What this task involves:
Every record below should be repeated exactly, with the pictures left out.

Dataset entries:

[Start of section]

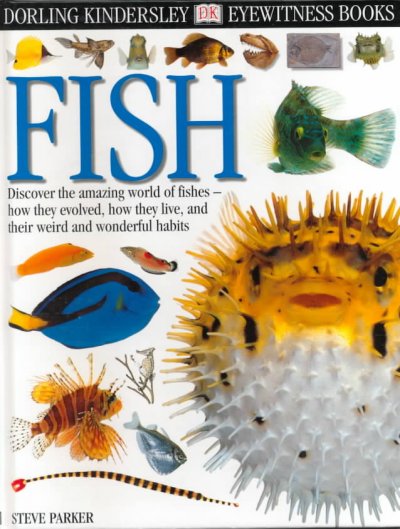 Fish / written by Steve Parker ; [photographed by Dave King and Colin Keates].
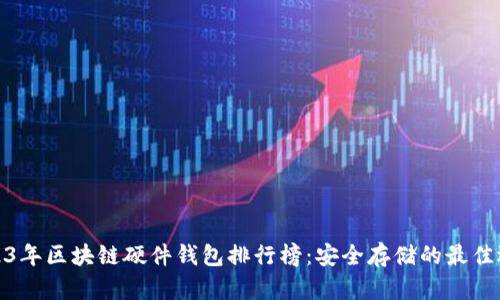 2023年区块链硬件钱包排行榜：安全存储的最佳选择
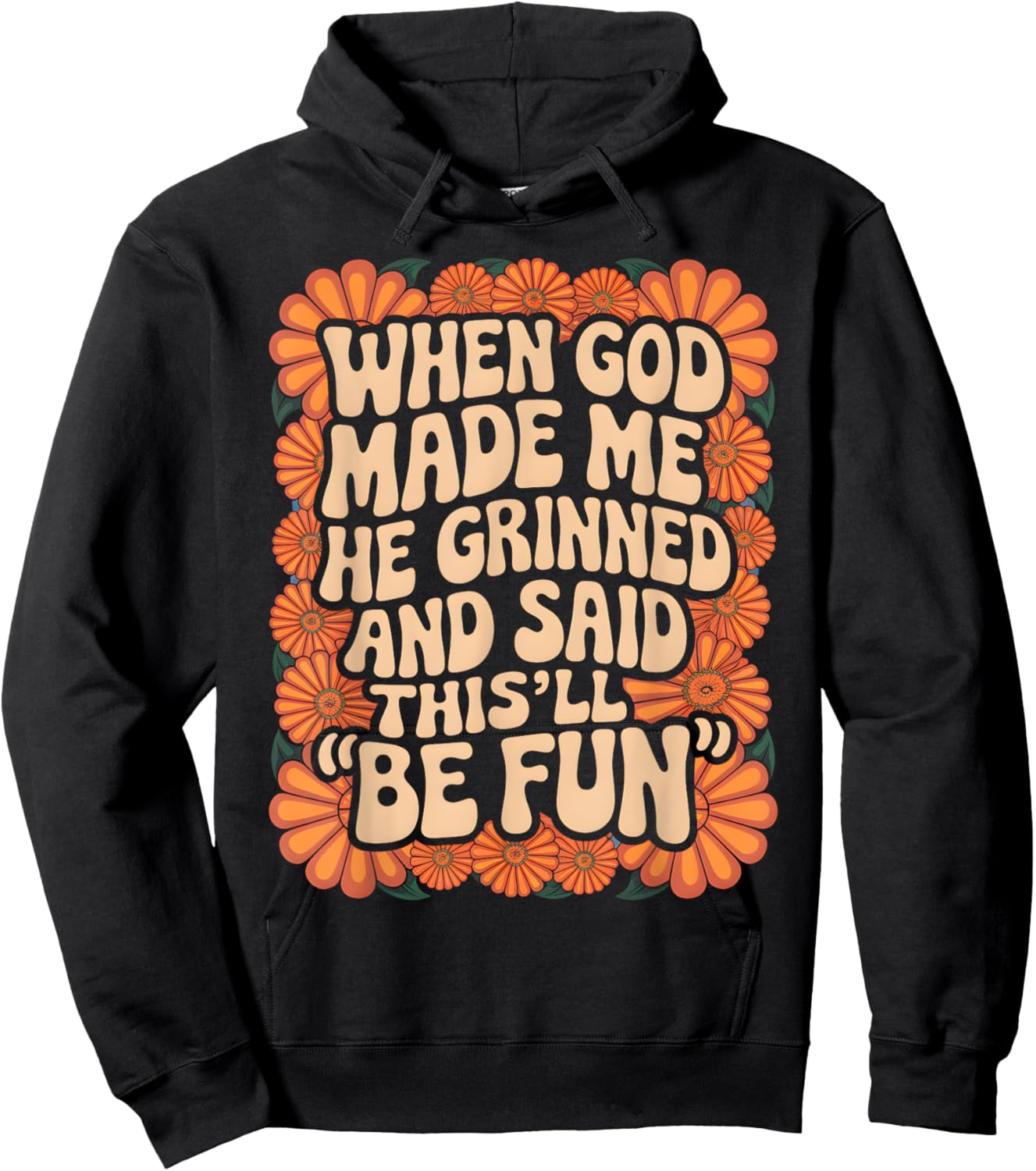 When God Made Me He Grinned and Said Sarcastic Funny Saying Hoodie - Hoodie | Black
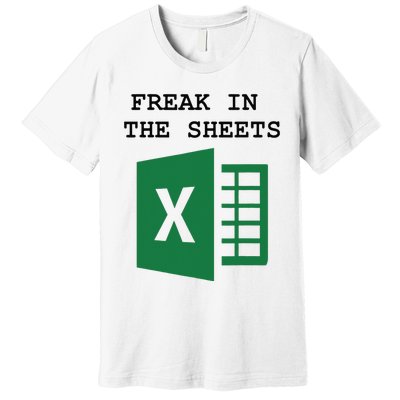 Freak In The Excel Sheets Premium T-Shirt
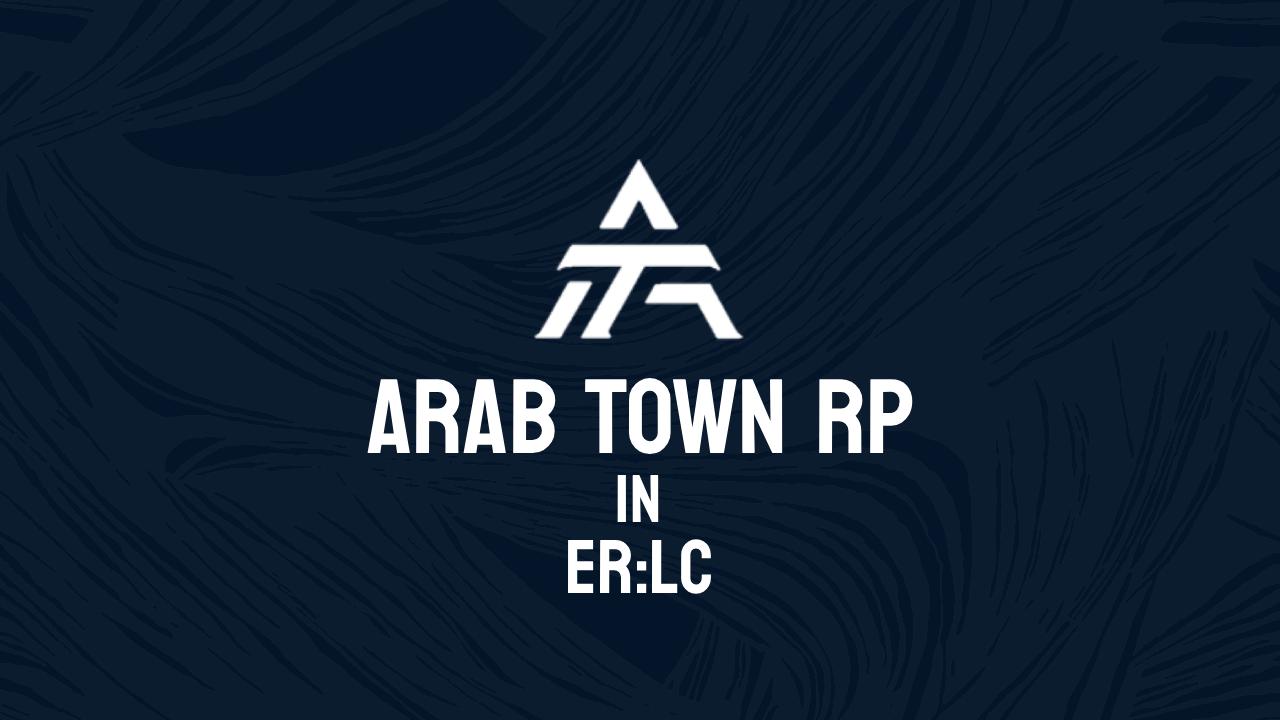 Discovery splash banner for ARAB TOWN RP ER:LC ™ Discord server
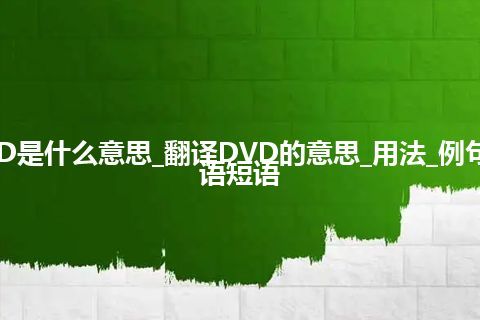 DVD是什么意思_翻译DVD的意思_用法_例句_英语短语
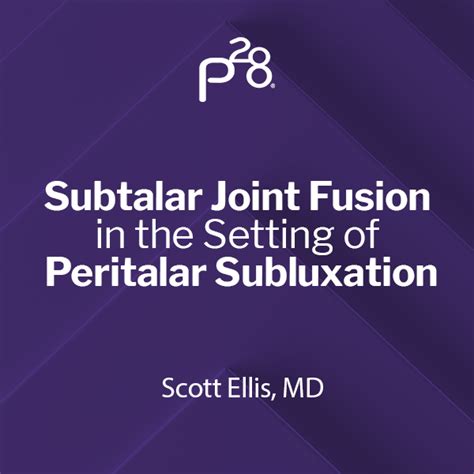 Subtalar Joint Fusion in the Setting of Peritalar Subluxation — Paragon ...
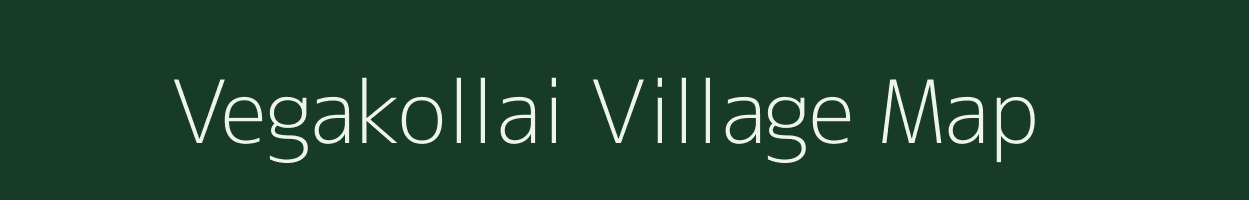Vegakollai village map in Tamil Nadu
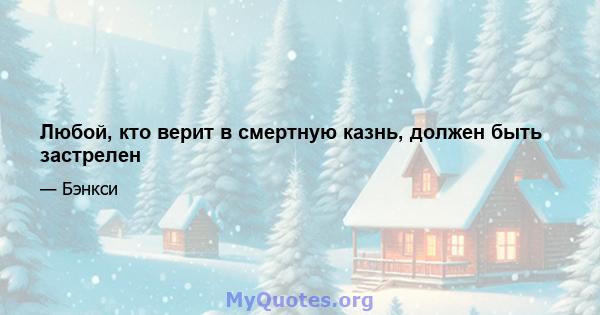 Любой, кто верит в смертную казнь, должен быть застрелен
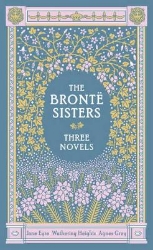 Picture of The Bronte Sisters (Barnes & Noble Collectible Editions): Three Novels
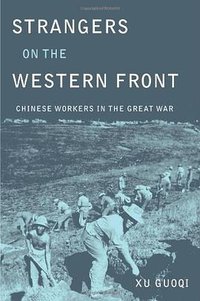 Strangers on the Western Front (Harvard University Press 2011)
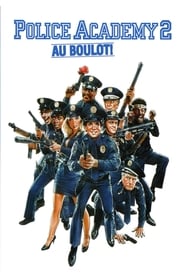 Académie de police 2 : Au boulot ! - Police Academy 2: Their First Assignment (1985)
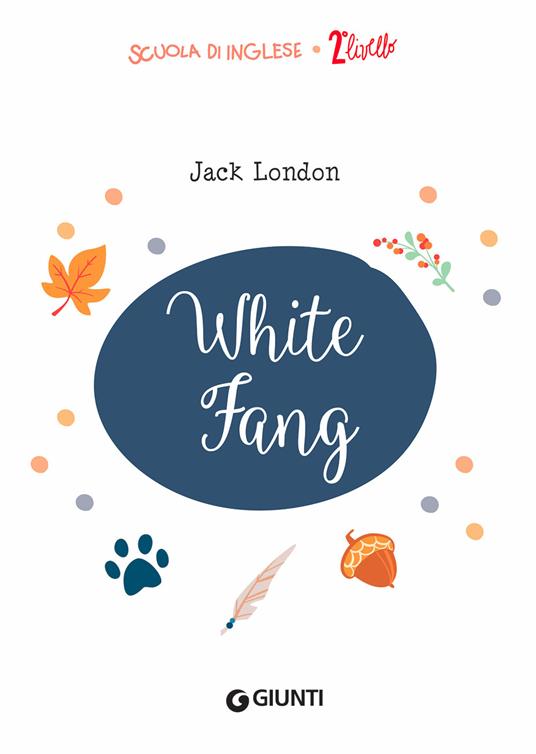 White fang. Con traduzione e dizionario. Ediz. bilingue. Con CD-Audio - Jack London - 3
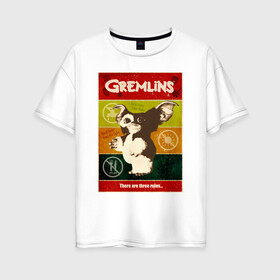 Женская футболка хлопок Oversize с принтом Gremlins , 100% хлопок | свободный крой, круглый ворот, спущенный рукав, длина до линии бедер
 | gizmo | gremlins | mogwai | vdzajul | гизмо | гремлины | магвай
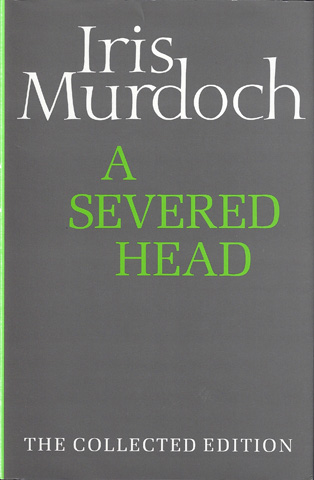 MURDOCH, IRIS - A Severed Head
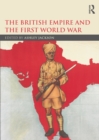 Image for The British Empire and the First World War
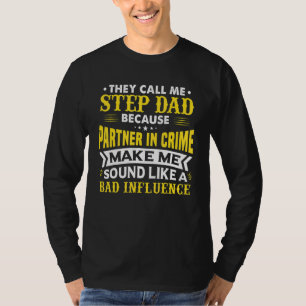 Mens Fathers Day They Call Me Step Dad Because Pa T-Shirt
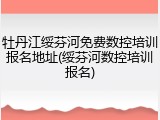 牡丹江绥芬河免费数控培训报名地址(绥芬河数控培训报名)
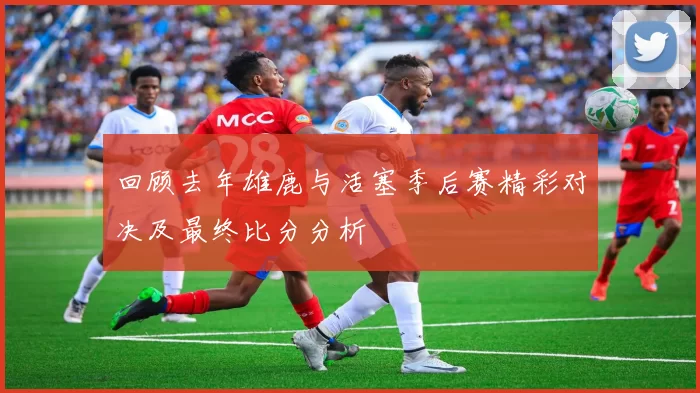 回顾去年雄鹿与活塞季后赛精彩对决及最终比分分析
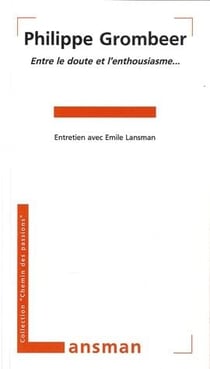 Philippe grombeer, entre le doute et l'enthousiasme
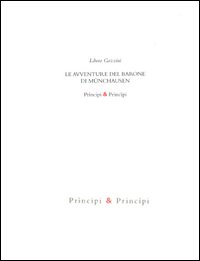 Libero Gozzini. Le avventure del barone di Münchausen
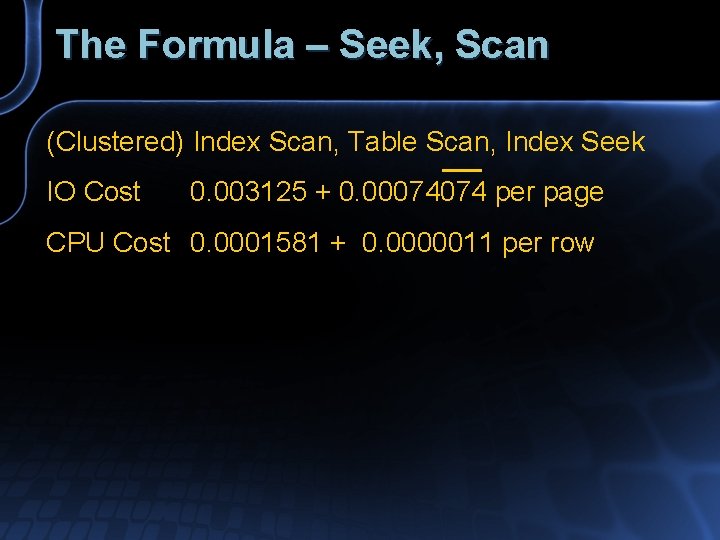 The Formula – Seek, Scan (Clustered) Index Scan, Table Scan, Index Seek IO Cost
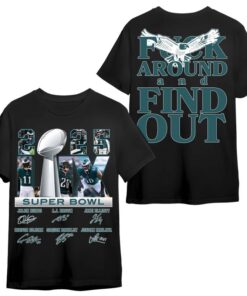 Philadelphia Eagles Super Bowl LV Championship 2025 Shirt - "F*CK AROUND AND FIND OUT" - Team Spirit Apparel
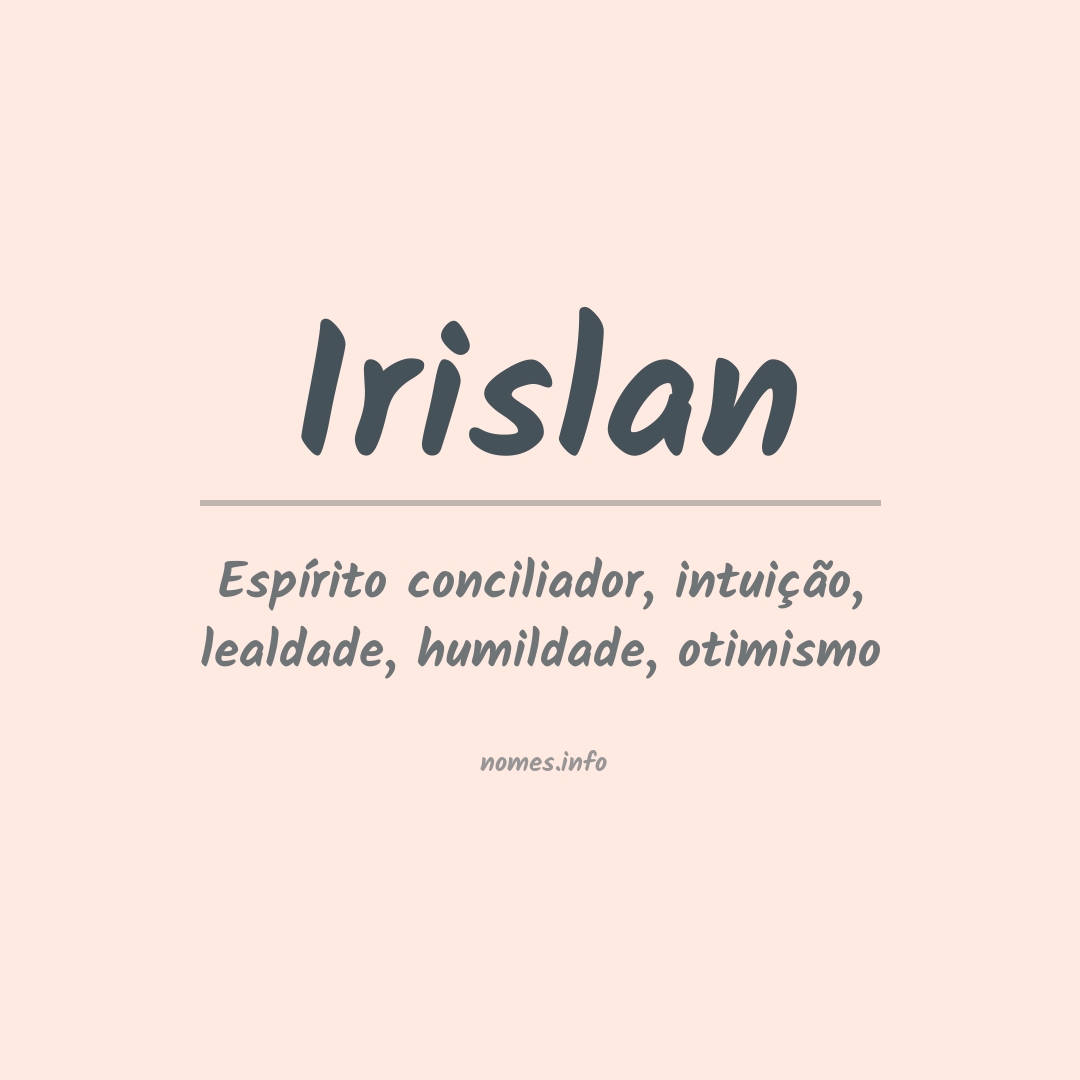 Significado do nome Irislan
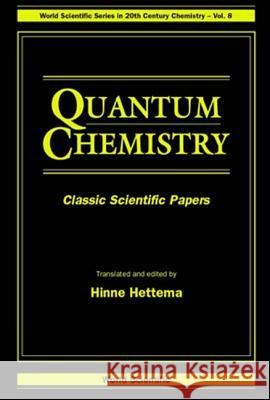 Quantum Chemistry: Classic Scientific Papers World Scientific Publishing Company Inc  Hinne Hettema 9789810227715 World Scientific Publishing Company - książka
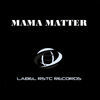 Thumbnail for the X Man - Mama Matter link, provided by host site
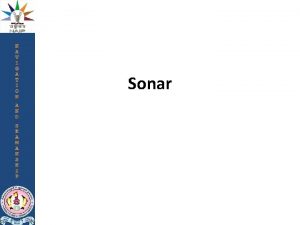 Sonar SONAR an acronym for Sound NAvigation and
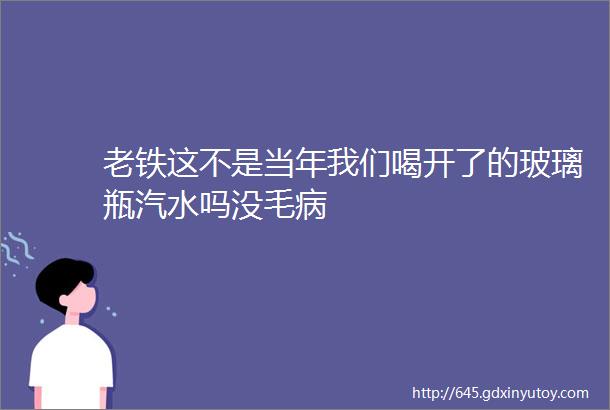 老铁这不是当年我们喝开了的玻璃瓶汽水吗没毛病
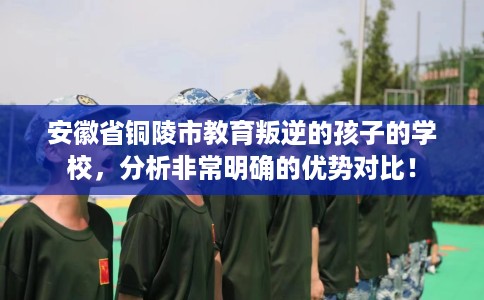 安徽省铜陵市教育叛逆的孩子的学校，分析非常明确的优势对比！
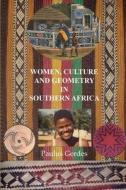 Women, Culture and Geometry in Southern Africa di Paulus Gerdes edito da Lulu.com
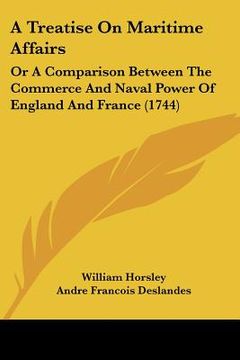 portada a treatise on maritime affairs: or a comparison between the commerce and naval power of england and france (1744) (en Inglés)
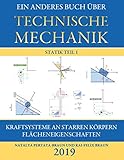  Ein anderes Buch über Technische Mechanik: Statik Teil 1: Kraftsysteme an starren Körpern und Flächeneigenschaften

[End of section]

Response to the task:
 Fish / written by Steve Parker ; [photographed by Dave King and Colin Keates].
 2023年区块链硬件钱包排行榜：安全存储的最佳选择
 When God Made Me He Grinned and Said Sarcastic Funny Saying Hoodie - Hoodie | Black
 Freak In The Excel Sheets Premium T-Shirt
 Discovery splash banner for ARAB TOWN RP ER:LC ™ Discord server
 DVD是什么意思_翻译DVD的意思_用法_例句_英语短语
 Subtalar Joint Fusion in the Setting of Peritalar Subluxation — Paragon ...
Vegakollai village map in Tamil Nadu
 Любой, кто верит в смертную казнь, должен быть застрелен
 Picture of The Bronte Sisters (Barnes & Noble Collectible Editions): Three Novels
 Strangers on the Western Front (Harvard University Press 2011)
 Académie de police 2 : Au boulot ! - Police Academy 2: Their First Assignment (1985)
 White fang. Con traduzione e dizionario. Ediz. bilingue. Con CD-Audio - Jack London - 3
 Женская футболка хлопок Oversize с принтом Gremlins , 100% хлопок | свободный крой, круглый ворот, спущенный рукав, длина до линии бедер
 | gizmo | gremlins | mogwai | vdzajul | гизмо | гремлины | магвай
 MURDOCH, IRIS - A Severed Head
 Image for The British Empire and the First World War
 Mens Fathers Day They Call Me Step Dad Because Pa T-Shirt
 牡丹江绥芬河免费数控培训报名地址(绥芬河数控培训报名)
 回顾去年雄鹿与活塞季后赛精彩对决及最终比分分析
 Philippe grombeer, entre le doute et l'enthousiasme
 Libero Gozzini. Le avventure del barone di Münchausen
 The Formula – Seek, Scan (Clustered) Index Scan, Table Scan, Index Seek IO Cost
 Philadelphia Eagles Super Bowl LV Championship 2025 Shirt - "F*CK AROUND AND FIND OUT" - Team Spirit Apparel
 Significado do nome Irislan
 Quantum Chemistry: Classic Scientific Papers World Scientific Publishing Company Inc  Hinne Hettema 9789810227715 World Scientific Publishing Company - książka
 Thumbnail for the X Man - Mama Matter link, provided by host site
 Sonar SONAR an acronym for Sound NAvigation and
 老铁这不是当年我们喝开了的玻璃瓶汽水吗没毛病
 安徽省铜陵市教育叛逆的孩子的学校，分析非常明确的优势对比！
 Women, Culture and Geometry in Southern Africa di Paulus Gerdes edito da Lulu.com
 portada a treatise on maritime affairs: or a comparison between the commerce and naval power of england and france (1744) (en Inglés)
  Ein anderes Buch über Technische Mechanik: Statik Teil 1: Kraftsysteme an starren Körpern und Flächeneigenschaften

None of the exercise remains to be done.